_DATA TO EXAMINE_
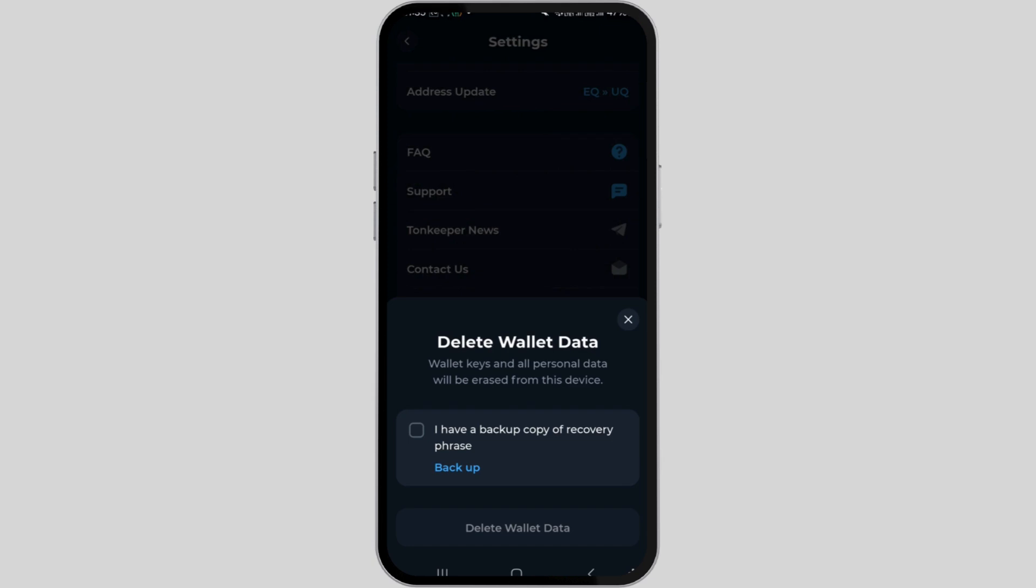After confirming by checking the box, tap on the delete wallet data option at the bottom and a pop-up will then appear. Simply tap on the delete button to finalize the deletion process of your Tonekeeper wallet account.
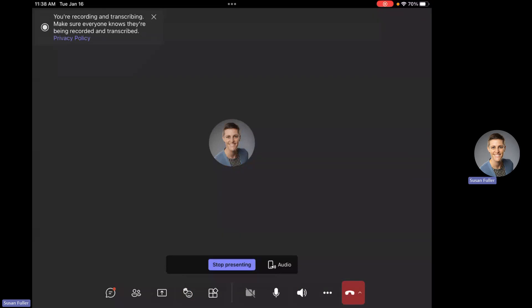Hello everyone. Today is Tuesday, January 16th. We don't have class today — KSU is closed because of the winter weather. Tomorrow, Wednesday January 17th, we are scheduled to have class, but I'm experiencing some health issues and will be seeing a doctor tomorrow. I'll be posting this virtual lecture to take the place of tomorrow's in-person class.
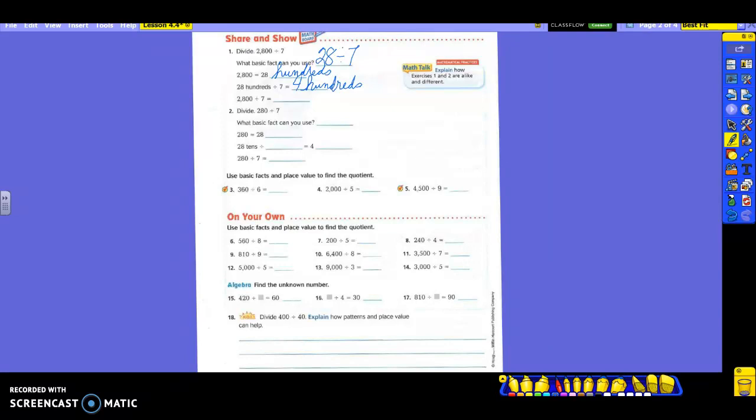So 2,800 divided by 7 is going to give me an answer of what? If I have 4 hundreds — 400. How many zeros were in my number to begin with? Two. So should I have two zeros in my answer? Yes, unless of course it's one of those 20s, 30s, or 40s. I want you and your group to talk through number 2 — it's the same problem except they took away a zero.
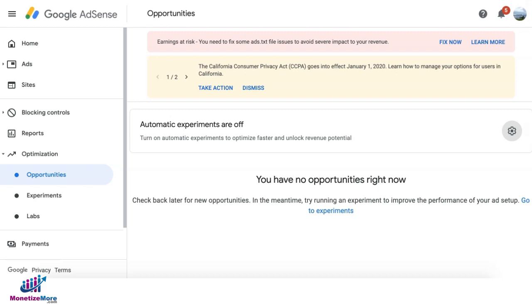Your ad units will change their size based on the context and orientation of the device. There will be times that they may show larger ads or full-width ads, which means more ads are eligible to bid on your inventory, leading to increased revenue.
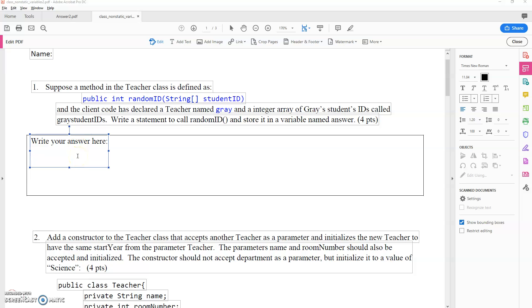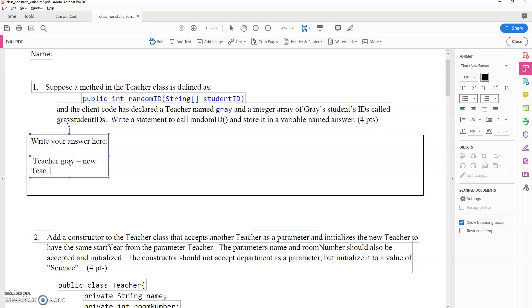Okay, so this first question isn't too terrible. It's essentially saying in the main class or somewhere we have declared a teacher named gray. So there's some statement there that says Teacher gray equals new Teacher.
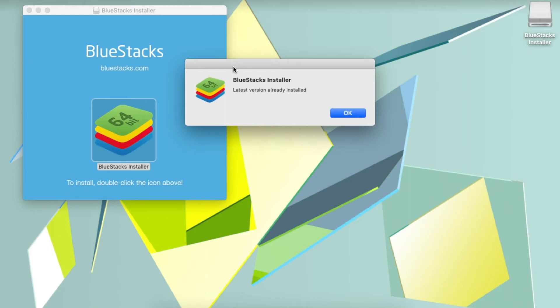Hey guys, and welcome back to another video. This video is a follow-up to the one I made about how to download and install Among Us on your Mac. A lot of people have been experiencing this specific error which says the latest version is already installed.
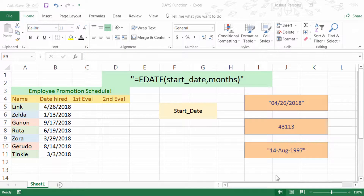Hi there, Josh here with Evergreen Tutorials, and today I'm going to show you how to use the EDATE function in Excel 2016.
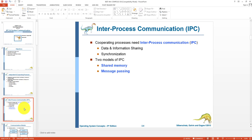IPC stands for inter-process communication. Whenever we deal with cooperating processes, they share information, data, and instructions. For this purpose we need a certain mechanism of communication known as inter-process communication. This mechanism is used for sharing of data and information, and secondly for synchronizing the actions — such as in the readers-writers problem, bounded buffer problem, and dining philosophers problem — to avoid errors or deadlocks.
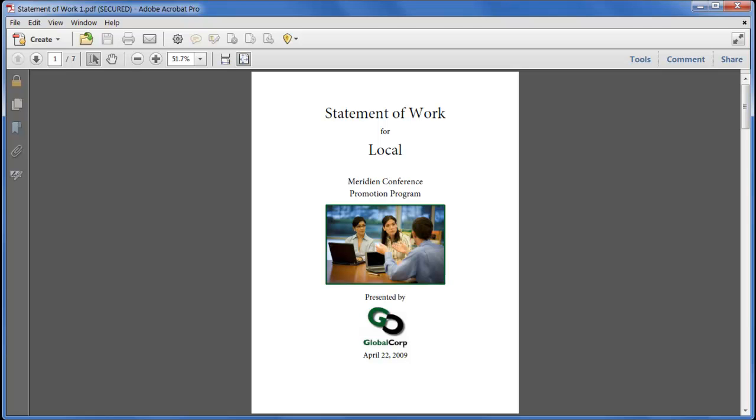Protecting documents against unauthorized access or alteration is an important part of modern life, and in Acrobat 10 we have improvements in both the strength of our encryption methods and the simplicity of applying and managing them.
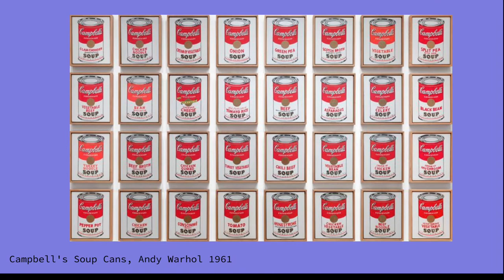After our five-minute discussion on what is art, I will introduce Andy Warhol's Campbell's Soup Cans painting from 1961 as an example of subject matter and introducing pop art, which is a popular staple in our American art history.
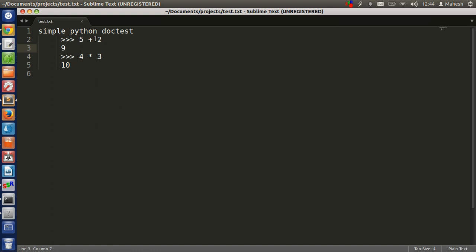For example, 5 plus 2 should be 7, and if the result is not equal to 7, like I have purposefully failed this test here, Python should show us the result. Same with 4 multiplied by 3, it should show 10 but it is not. So let's see by executing doctest on our sample test.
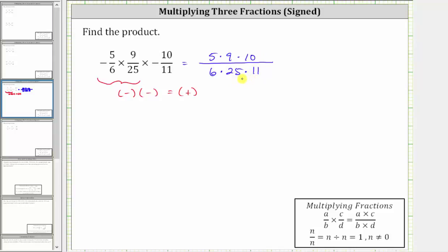To simplify means to simplify out all the common factors between the numerator and denominator. Notice five and 25 share a common factor of five — there is one five in five and five fives in 25. We just simplified out one common factor of five. Notice six and nine share a common factor of three — there are two threes in six and three threes in nine. We just simplified out one common factor of three. Notice 10 and five share a common factor of five — there are two fives in 10 and one five in five.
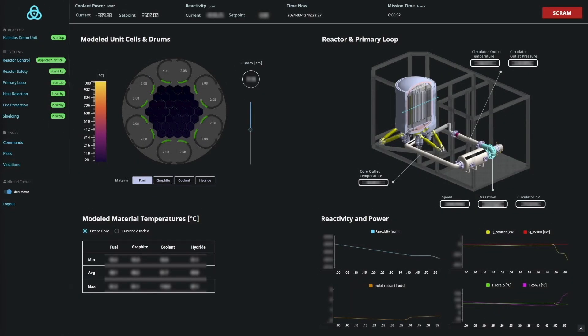The Kaleidos digital twin is a combination of transient thermohydraulic and neutronic numerical models validated by real-world data which allow us to accurately simulate reactor behavior.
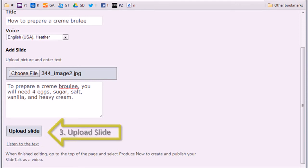When satisfied, click on Upload Slide. This is all that you need to do for each slide in your presentation. Just upload a picture, type a comment, and you are ready to move on to the next slide.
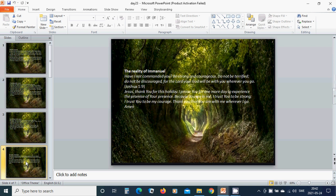The reality of Emmanuel. Have I not commanded you? Be strong and courageous. Do not be terrified. Do not be discouraged. For the Lord your God will be with you wherever you go. Beloved Jesus, thank you for this holiday. I praise you for one more day to experience the promise of your presence. Because you are in me, I trust you to be strong. I trust you to be my courage. Thank you that you are with me wherever I go. Amen, Hallelujah.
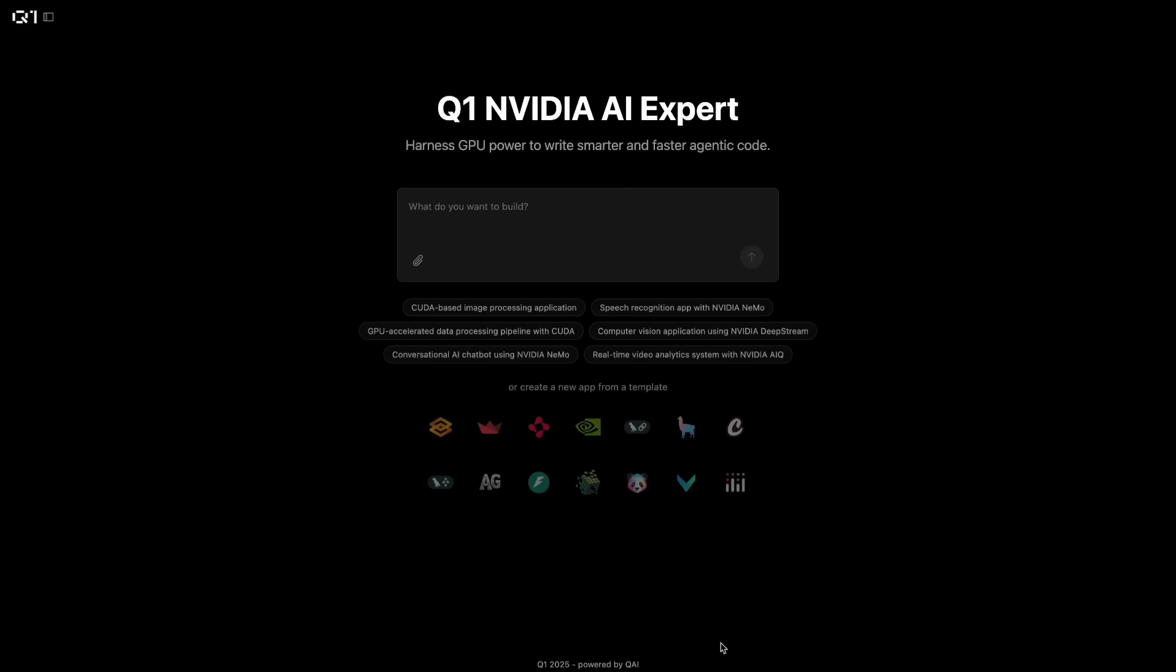Today I'm stoked to announce Q1, our brand new coding agent for AI scientists and ML engineers, now in preview.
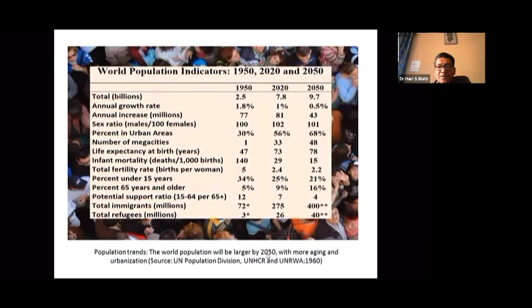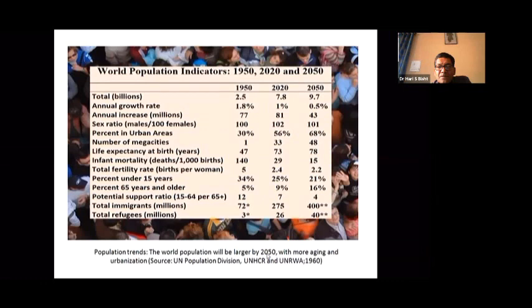Life expectancy at birth was 47 in 1950, is currently 73 in 2020, and will be 78 by 2050. Infant mortality per 1,000 births was 140 in 1950, is currently 29, and will fall to approximately 15 by 2050. The total fertility rate — births per woman — was 5 in 1950, is currently 2.4, and will be 2.2 by 2050.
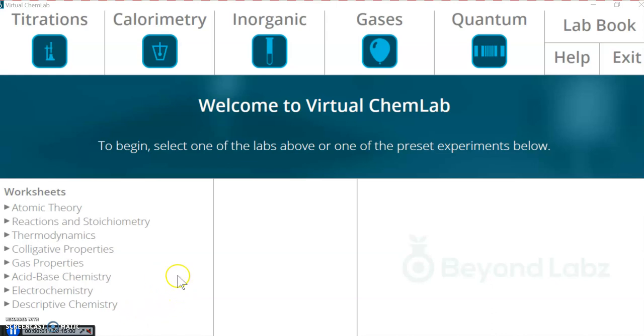Hello, this is Brian, and today we are doing the Beyond Labs lab called 8-3, Identification of Cations in Solution: Silver, Mercury, and Lead.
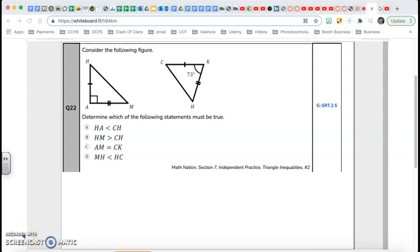Hi guys, this is Mr. Rego. Welcome back to our series Beat the Test Review for the geometry end-of-course exam. Let's do problem number 22. Consider the following figure — I have two triangles.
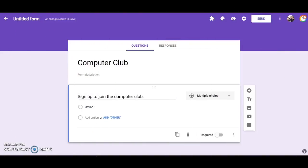In this screencast I will provide a brief demonstration of how to use the Google Form Add-on Form Limiter. The purpose of this add-on is to allow you to turn off a Google Form or stop accepting responses after a certain number of responses or at a specific date and time.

_AIM OF THE TASK_
Retype the listing above exactly. Pictures are not part of the copy.

_EXERCISE RESPONSE_
After confirming by checking the box, tap on the delete wallet data option at the bottom and a pop-up will then appear. Simply tap on the delete button to finalize the deletion process of your Tonekeeper wallet account.
Hello everyone. Today is Tuesday, January 16th. We don't have class today — KSU is closed because of the winter weather. Tomorrow, Wednesday January 17th, we are scheduled to have class, but I'm experiencing some health issues and will be seeing a doctor tomorrow. I'll be posting this virtual lecture to take the place of tomorrow's in-person class.
So 2,800 divided by 7 is going to give me an answer of what? If I have 4 hundreds — 400. How many zeros were in my number to begin with? Two. So should I have two zeros in my answer? Yes, unless of course it's one of those 20s, 30s, or 40s. I want you and your group to talk through number 2 — it's the same problem except they took away a zero.
Your ad units will change their size based on the context and orientation of the device. There will be times that they may show larger ads or full-width ads, which means more ads are eligible to bid on your inventory, leading to increased revenue.
Okay, so this first question isn't too terrible. It's essentially saying in the main class or somewhere we have declared a teacher named gray. So there's some statement there that says Teacher gray equals new Teacher.
Hey guys, and welcome back to another video. This video is a follow-up to the one I made about how to download and install Among Us on your Mac. A lot of people have been experiencing this specific error which says the latest version is already installed.
Hi there, Josh here with Evergreen Tutorials, and today I'm going to show you how to use the EDATE function in Excel 2016.
IPC stands for inter-process communication. Whenever we deal with cooperating processes, they share information, data, and instructions. For this purpose we need a certain mechanism of communication known as inter-process communication. This mechanism is used for sharing of data and information, and secondly for synchronizing the actions — such as in the readers-writers problem, bounded buffer problem, and dining philosophers problem — to avoid errors or deadlocks.
Protecting documents against unauthorized access or alteration is an important part of modern life, and in Acrobat 10 we have improvements in both the strength of our encryption methods and the simplicity of applying and managing them.
After our five-minute discussion on what is art, I will introduce Andy Warhol's Campbell's Soup Cans painting from 1961 as an example of subject matter and introducing pop art, which is a popular staple in our American art history.
For example, 5 plus 2 should be 7, and if the result is not equal to 7, like I have purposefully failed this test here, Python should show us the result. Same with 4 multiplied by 3, it should show 10 but it is not. So let's see by executing doctest on our sample test.
To simplify means to simplify out all the common factors between the numerator and denominator. Notice five and 25 share a common factor of five — there is one five in five and five fives in 25. We just simplified out one common factor of five. Notice six and nine share a common factor of three — there are two threes in six and three threes in nine. We just simplified out one common factor of three. Notice 10 and five share a common factor of five — there are two fives in 10 and one five in five.
The Kaleidos digital twin is a combination of transient thermohydraulic and neutronic numerical models validated by real-world data which allow us to accurately simulate reactor behavior.
When satisfied, click on Upload Slide. This is all that you need to do for each slide in your presentation. Just upload a picture, type a comment, and you are ready to move on to the next slide.
The reality of Emmanuel. Have I not commanded you? Be strong and courageous. Do not be terrified. Do not be discouraged. For the Lord your God will be with you wherever you go. Beloved Jesus, thank you for this holiday. I praise you for one more day to experience the promise of your presence. Because you are in me, I trust you to be strong. I trust you to be my courage. Thank you that you are with me wherever I go. Amen, Hallelujah.
Today I'm stoked to announce Q1, our brand new coding agent for AI scientists and ML engineers, now in preview.
Life expectancy at birth was 47 in 1950, is currently 73 in 2020, and will be 78 by 2050. Infant mortality per 1,000 births was 140 in 1950, is currently 29, and will fall to approximately 15 by 2050. The total fertility rate — births per woman — was 5 in 1950, is currently 2.4, and will be 2.2 by 2050.
Hello, this is Brian, and today we are doing the Beyond Labs lab called 8-3, Identification of Cations in Solution: Silver, Mercury, and Lead.
Hi guys, this is Mr. Rego. Welcome back to our series Beat the Test Review for the geometry end-of-course exam. Let's do problem number 22. Consider the following figure — I have two triangles.
In this screencast I will provide a brief demonstration of how to use the Google Form Add-on Form Limiter. The purpose of this add-on is to allow you to turn off a Google Form or stop accepting responses after a certain number of responses or at a specific date and time.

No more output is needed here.